Kurduğu Savaş Esirliği Sistemi ile gücü kırılan ve stratejik hedefleri tahrip edilen düşmandan esir alınmasını onaylayan İslâm, esirlerin de karşılıksız veya fidye karşılığı bırakılmalarını emretmiş, onların öldürülmelerini ve köleleştirilmelerini yasaklamıştır.
Kurân, nikâh şartını getirerek esir kadınlar olan câriyelerin odalık olarak alınmalarını da haram kılmıştır. Kişi, kamuya ait câriyelerle evlenebileceği gibi kendi câriyesiyle de evlenebilir. İnsan üzerinde ilâhlaşma olan kölelik, mütekabiliyet yoluyla yasallaştırılamayacağı gibi tutsaklar da uzun süre esirler olarak tutulamazlar. Çünkü İslâm, özgürlük fidyelerini veremeyecek esirlerin hürriyetlerine kavuşturulmaları için, İslâm toplumunun resmi vergisi olan zekât gelirlerinden fon ayırmış, onlarla özgürlük sözleşmesi yapılmasını (Kitabet) emretmiş, özgürleştirici cezalar ve kefaretler belirlemiştir.

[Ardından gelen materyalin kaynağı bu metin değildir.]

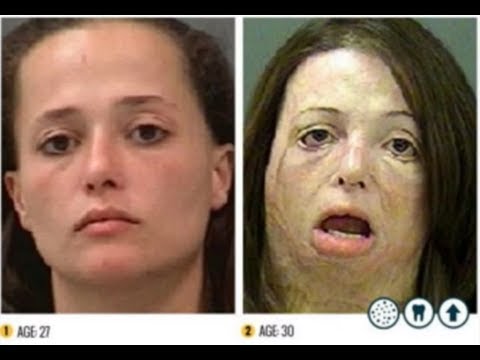 The Shocking Faces of Meth Campaign
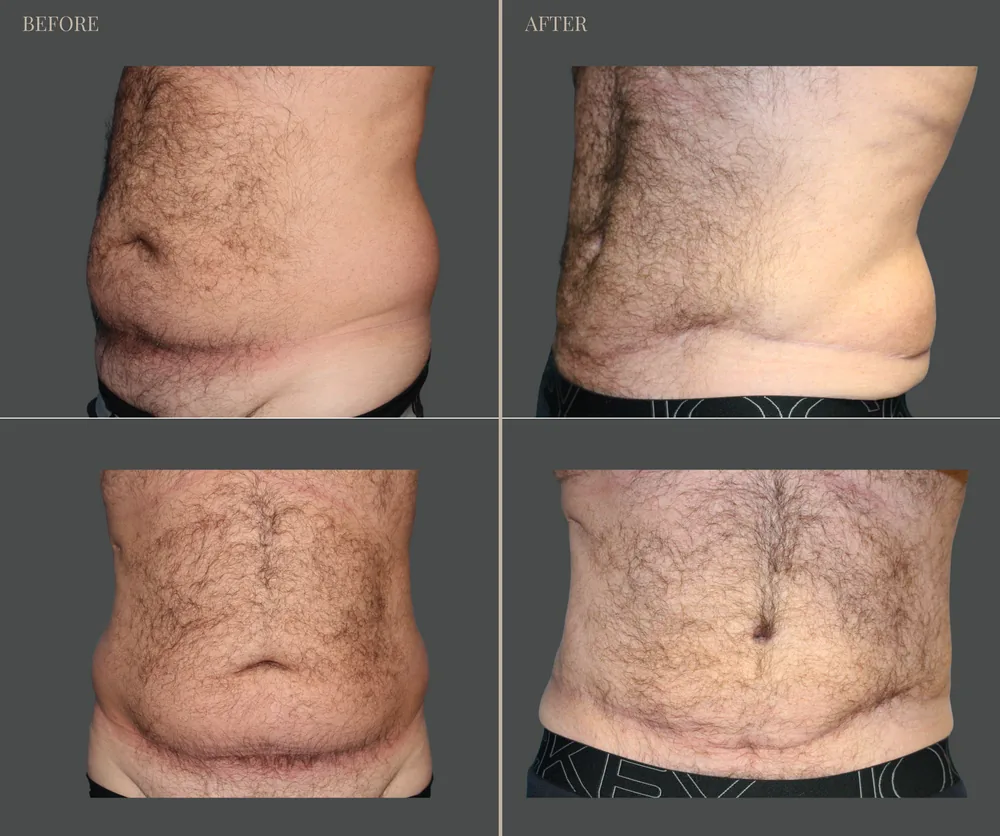 Tummy Tuck Before & After result 35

Câriyeler mal değil, Allaha kullukla yükümlü insandırlar. Alınıp satılamazlar. Yalnızca fidyelerine ilişkin devir işlemleri yapılabilir.
Sınırlı istisnalar dışında temel hakları da yürürlüktedir.
Kitabımızda, özetlediğimiz, geleneksel kabullerimizle çelişen gerçeklerin Kurânî ve Nebevî temelleri ortaya konulmaktadır.